The foreign ministers of the three countries demanded an investigation into Mr Khashoggi’s disappearance and called for a “detailed response” from Saudi Arabia.
“There needs to be a credible investigation to establish the truth about what happened, and – if relevant – to identify those bearing responsibility for the disappearance of Jamal Khashoggi, and ensure that they are held to account,” the foreign ministers said in the joint statement.
“We encourage joint Saudi-Turkish efforts in that regard, and expect the Saudi government to provide a complete and detailed response. We have conveyed this message directly to the Saudi authorities.”
The statement, by UK foreign minister Jeremy Hunt, France’s Jean-Yves Le Drian and Germany’s Heiko Maas, made no mention of potential actions the countries might take.
It comes after Saudi Arabia vowed to retaliate to possible economic sanctions taken by other countries after Donald Trump warned of “severe punishment” over the disappearance of a Saudi journalist.
“The kingdom affirms its total rejection of any threats and attempts to undermine it, whether through economic sanctions, political pressure or repeating false accusations,” it said in a statement.

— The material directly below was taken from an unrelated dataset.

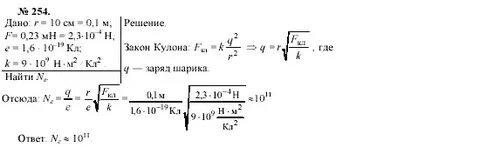 Задачи на закон кулона 10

“The kingdom also affirms that if it is [targeted by] any action, it will respond with greater action.”
Steadfast & Glorious 🇸🇦
Demise is the outcome of these weak endeavors pic.twitter.com/WBb9yusaE6
— Foreign Ministry 🇸🇦 (@KSAmofaEN) October 14, 2018
Saudi’s ministry of foreign affairs also tweeted that it was “steadfast and glorious” in response to what it called “false accusations.” It added: ”Demise is the outcome of these weak endeavours.”
Turkish officials have said they fear Saudi agents killed and dismembered Mr Khashoggi after he entered the consulate and a Turkish newspaper has reported that Mr Khashoggi’s alleged torture and death may have been recorded on his Apple Watch.
The kingdom has called the allegations “baseless”, but has offered no evidence to show the writer ever left the consulate.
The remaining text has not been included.